=== Supplied information ===
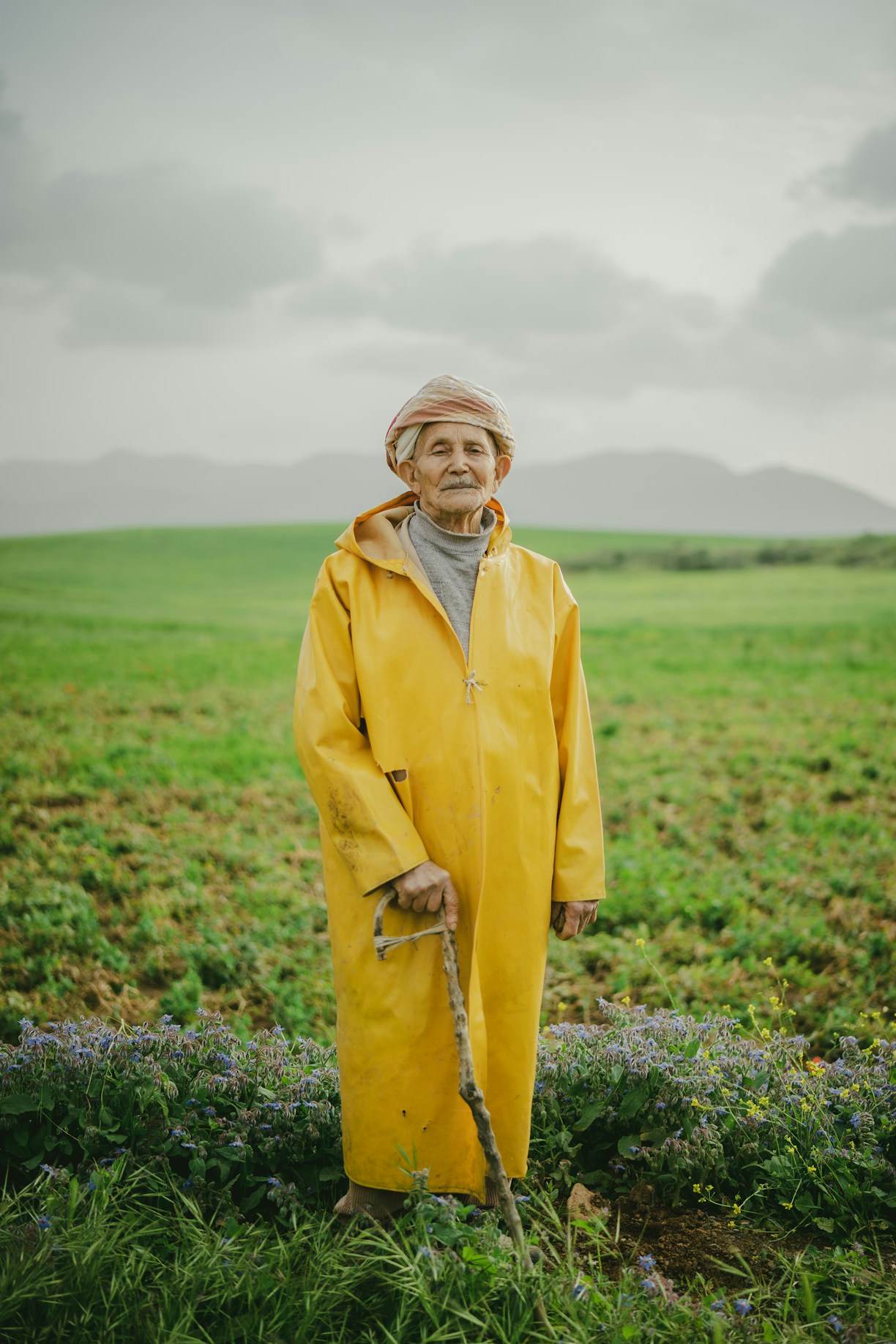 a men in a yellow raincoat standing in a field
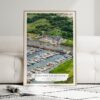 01 - Framed Guilford Connecticut Yacht Club Watercolor Wall Art leaning against couch - Portrait.jpg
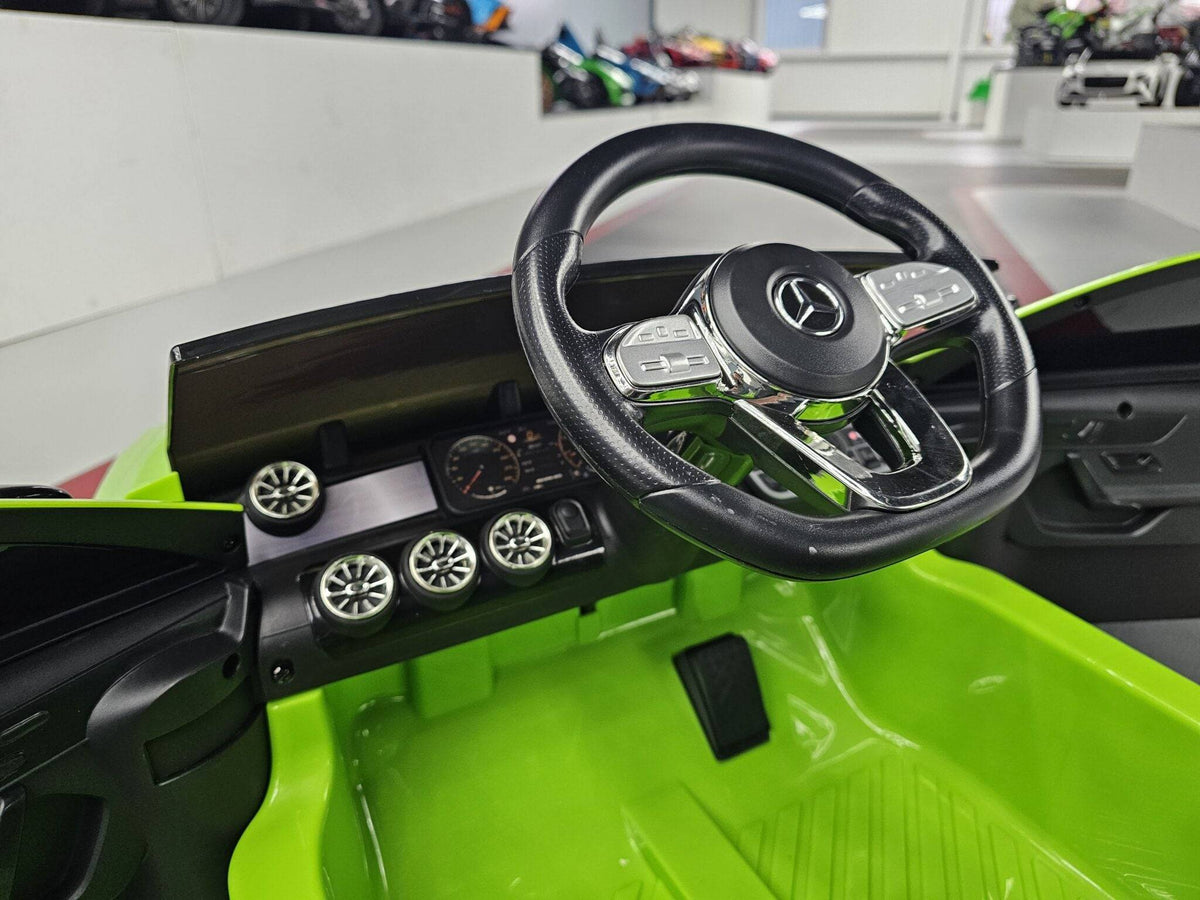 Auto elettrica per bambini Mercedes CLA 45 verde con volante nero e dettagli cromati, sedile in similpelle nera, perfetta per divertimento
===
What is expected: Would you please retype the material above exactly and leave out each picture?

Exercise answer:
 a men in a yellow raincoat standing in a field
 01 - Framed Guilford Connecticut Yacht Club Watercolor Wall Art leaning against couch - Portrait.jpg
 Auto elettrica per bambini Mercedes CLA 45 verde con volante nero e dettagli cromati, sedile in similpelle nera, perfetta per divertimento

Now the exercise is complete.